Скорее всего, память подскажет каждому немного таких картин. Кто-то назовет полотна В.И. Сурикова, другой — видения старой Москвы, запечатленные А.П. Рябушкиным, или некоторые ранние вещи Н.К. Рериха... Но чаще подобного приобщения не происходит, и мы с большим или меньшим интересом рассматриваем картины прошлого со стороны, сохраняя дистанцию: как правдоподобное изображение того, что могло происходить когда-то с другими людьми, как выраженную средствами живописи оценку исторического события, как археологическую или этнографическую реконструкцию и т. д. А искушенный зритель не раз заподозрит в исторических персонажах то переодетых натурщиков, то актеров реалистической школы, окруженных театральным реквизитом. Или заметит элементы стилизации, всегда отчуждающей.

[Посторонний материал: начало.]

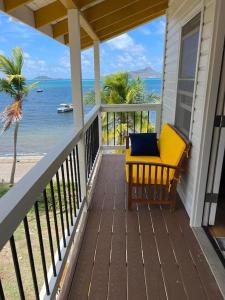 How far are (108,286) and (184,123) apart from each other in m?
2.03

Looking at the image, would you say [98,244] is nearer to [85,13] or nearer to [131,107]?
[85,13]

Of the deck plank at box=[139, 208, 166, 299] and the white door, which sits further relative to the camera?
the white door

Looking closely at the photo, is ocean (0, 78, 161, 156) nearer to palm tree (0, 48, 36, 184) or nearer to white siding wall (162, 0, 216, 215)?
palm tree (0, 48, 36, 184)

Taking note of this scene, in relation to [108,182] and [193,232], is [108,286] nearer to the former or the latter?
[193,232]

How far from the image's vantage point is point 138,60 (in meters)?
32.0

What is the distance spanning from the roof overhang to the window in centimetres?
88

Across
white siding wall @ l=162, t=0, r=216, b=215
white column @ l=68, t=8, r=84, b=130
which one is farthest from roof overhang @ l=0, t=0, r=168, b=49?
white siding wall @ l=162, t=0, r=216, b=215

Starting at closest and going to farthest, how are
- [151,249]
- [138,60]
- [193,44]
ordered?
[151,249] < [193,44] < [138,60]

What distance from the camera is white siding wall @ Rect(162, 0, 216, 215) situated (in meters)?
2.08

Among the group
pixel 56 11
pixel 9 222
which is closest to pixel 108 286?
pixel 9 222

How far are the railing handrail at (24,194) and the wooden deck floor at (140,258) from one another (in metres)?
0.94

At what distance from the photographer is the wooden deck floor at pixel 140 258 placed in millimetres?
1701

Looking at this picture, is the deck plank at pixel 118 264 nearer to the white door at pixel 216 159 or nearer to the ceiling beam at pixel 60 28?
the white door at pixel 216 159

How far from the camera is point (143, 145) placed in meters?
3.40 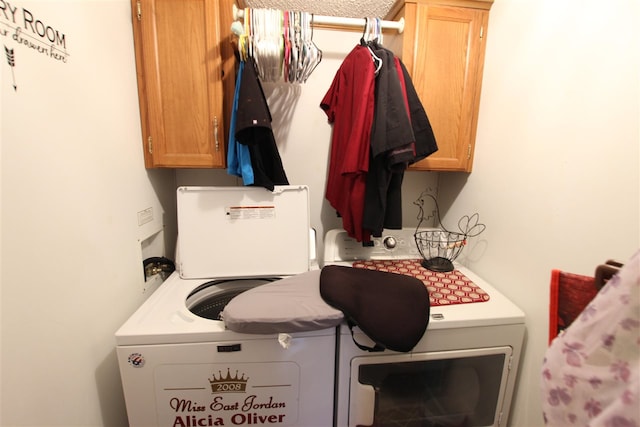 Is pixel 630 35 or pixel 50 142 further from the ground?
pixel 630 35

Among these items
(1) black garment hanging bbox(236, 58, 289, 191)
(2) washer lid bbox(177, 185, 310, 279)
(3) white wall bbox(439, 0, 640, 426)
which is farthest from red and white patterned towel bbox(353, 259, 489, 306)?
(1) black garment hanging bbox(236, 58, 289, 191)

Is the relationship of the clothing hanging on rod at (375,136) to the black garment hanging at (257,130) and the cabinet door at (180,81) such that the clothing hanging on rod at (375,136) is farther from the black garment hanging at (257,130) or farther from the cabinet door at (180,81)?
the cabinet door at (180,81)

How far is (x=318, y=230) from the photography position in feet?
6.13

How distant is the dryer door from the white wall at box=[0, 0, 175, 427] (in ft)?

Может быть, эти картины писали просто менее талантливые художники? Нет, среди них были большие мастера жанровой картины, портрета, пейзажа. Бывало и так, что художник, способный воскрешать в своем воображении волнующие образы прошлого, не создавал ничего столь же значительного за пределами этой области. Как видно, речь должна идти не о таланте вообще, а о специфической его грани или скорее о своеобразной и редко встречающейся черте личности художника, о его особом отношении к прошлому, особой «исторической памяти». В чем же она состоит? Начну издалека.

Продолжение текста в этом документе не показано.